• Matsuyama looking to turn Green Jacket into Olympic gold

    Hideki Matsuyama
    Hideki Matsuyama

    There will be no spectators at the Kasumigaseki Country Club next week, but golf-mad Japan will hang off Hideki Matsuyama’s every drive, chip and putt as he attempts to add Tokyo Olympic gold to his Masters Green Jacket.

    Asia’s first US Masters champion is revered like a god in Japan and will have to cope with the extra pressure of carrying his nation’s golden hopes when he tees off on Thursday.

    But he will relish teeing up on a Kasumigaseki Country Club course where he has enjoyed enormous success in the past, winning the first of his two Asia-Pacific Amateur Championships and a Japan Junior Championship.

    Shigeki Maruyama, a three-time winner on the US PGA Tour and the Japan golf team’s coach for the Olympics, believes the growth in the game sparked by Matsuyama winning at Augusta National would explode in Japan should he deliver a gold medal.

    “The economic effect would be huge. We shouldn’t put too much burden on his shoulders, but Hideki obviously grew to that level,” said Matsuyama.

    “Everybody is proud of his accomplishment. Everybody in Japan will continue to have high expectations, although that’s a big load for him.

    “He gave us a big dream. That’s what I think he did. Japan’s experiencing a golf boom right now.

    “Because of that, the number of junior golfers who want to become the next Hideki will increase for sure.”

    Matsuyama was asked recently what his aims were at Tokyo 2020. “Go there and win a gold medal,” he replied.

    “That’s my goal and I’ll do my best to accomplish it. I still have an active role to play for probably another 10 to 15 years and I want to do my best to be an example and role model to all the kids and young golfers out there.”

    ‘It’s a happy thing’

    Matsuyama said he had managed to handle all the extra attention and commitments that have come since he captured the Green Jacket at Augusta National in April.

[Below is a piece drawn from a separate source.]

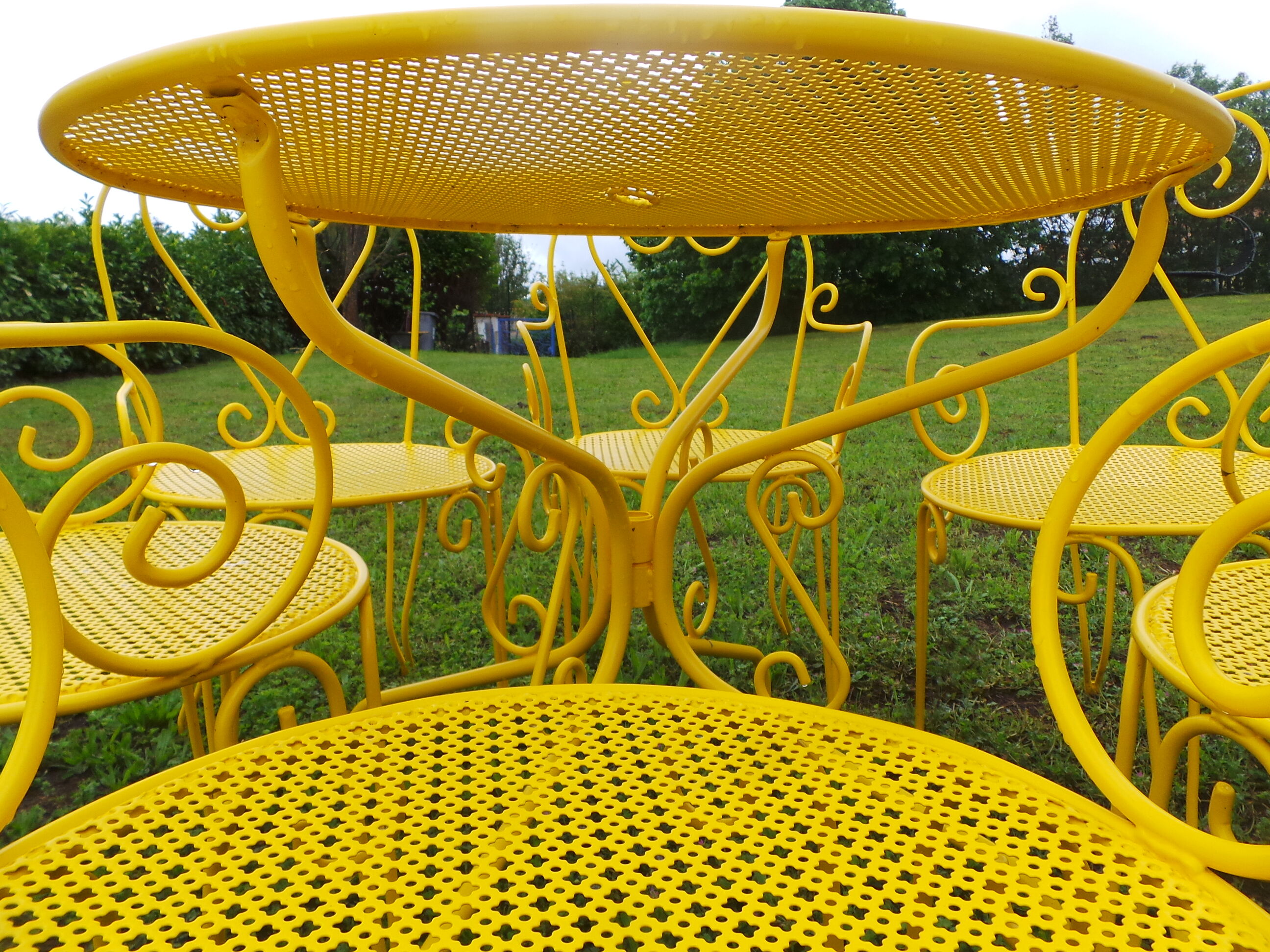 Yellow wrought iron garden room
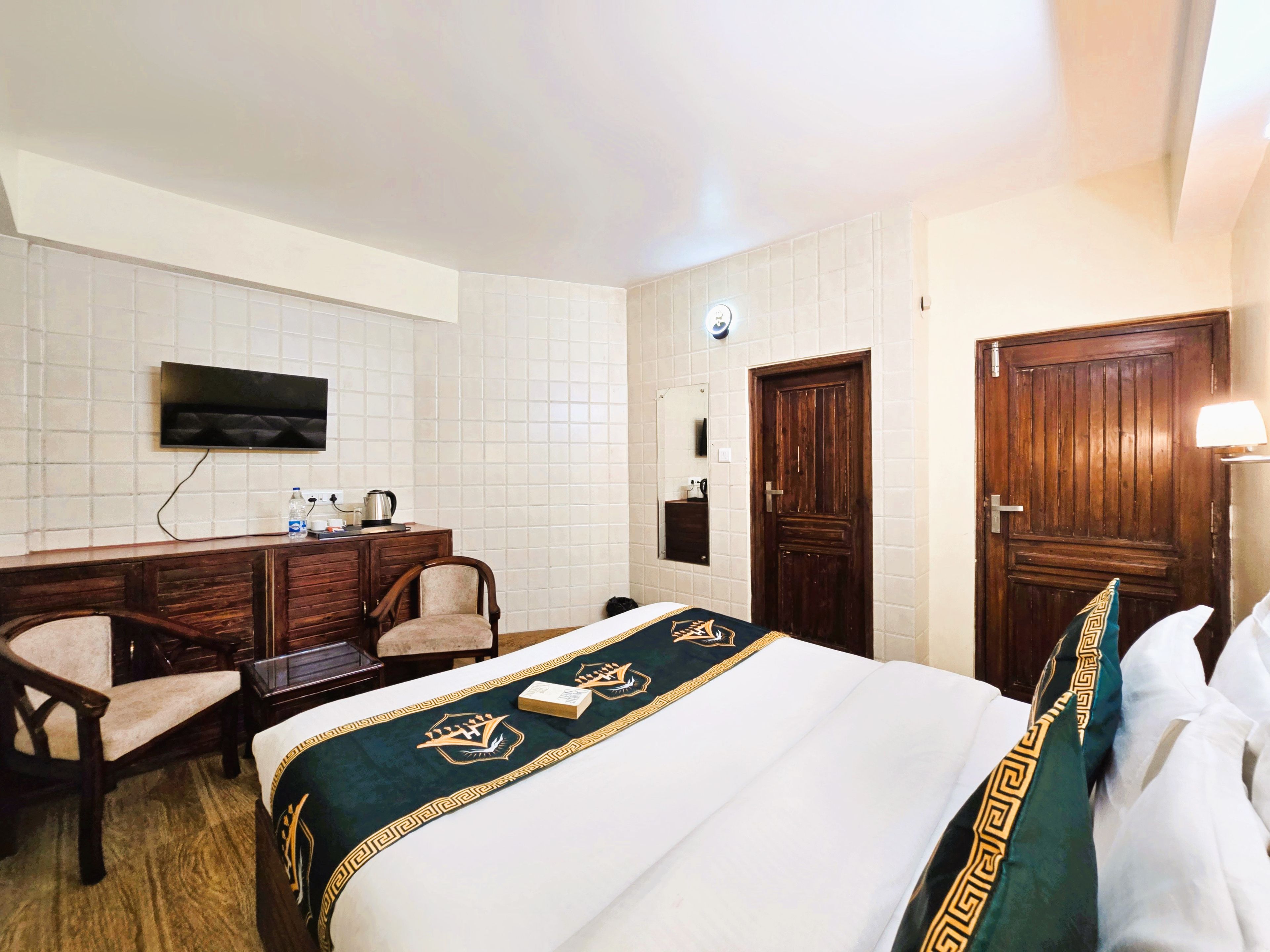 Una habitación de hotel con una cama, un escritorio, una silla, un televisor y un armario.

    “There are a lot more demands than before, but actually it’s a happy thing,” Matsuyama said.

    “Hopefully, I can keep playing well and the demands will become even greater,” he said. “I’ve proved that a Japanese can wear the Green Jacket.”

    Matsuyama first burst into prominence as an amateur a decade ago.

    His maiden victory in the Asia-Pacific Amateur Championship at the Olympic venue of Kasumigaseki Country Club in 2010 secured Matsuyama a first trip to Augusta National, where he won the Silver Cup for finishing as low amateur and placed in a tie for 27th overall behind winner Charl Schwartzel.

    Matsuyama won a gold medal at the World University Games as he led Japan’s team to victory.

    He then secured a second Asia-Pacific crown and placed 54th at the 2012 Masters, becoming the first amateur to make consecutive Masters cuts since Manny Zerman in 1991-92 and rising to amateur world No 1.

    After turning professional, Matsuyama shared 10th at the 2013 US Open and cracked the top 50 in the world rankings as a result.

    In 2014, he won the Jack Nicklaus-hosted Memorial Tournament, the first US PGA win by a Japanese golfer in six years.

    In 2016 he became the first Japanese to win a World Golf Championships (WGC) individual event when he dominated a field containing 40 of the world’s top 50 at the WGC-HSBC Champions in Shanghai to triumph by a record seven-stroke margin.

    A year later, he finished runner-up at the US Open to Brooks Koepka and jumped to a career-high second in the world golf rankings.

    Also in 2017, Matsuyama won at Phoenix and gained a second WGC title in Akron, but that marked his last victory before an 87-start drought that ended with his Green Jacket – a first win in four years.

    A second at the Tokyo Olympics would be pure gold.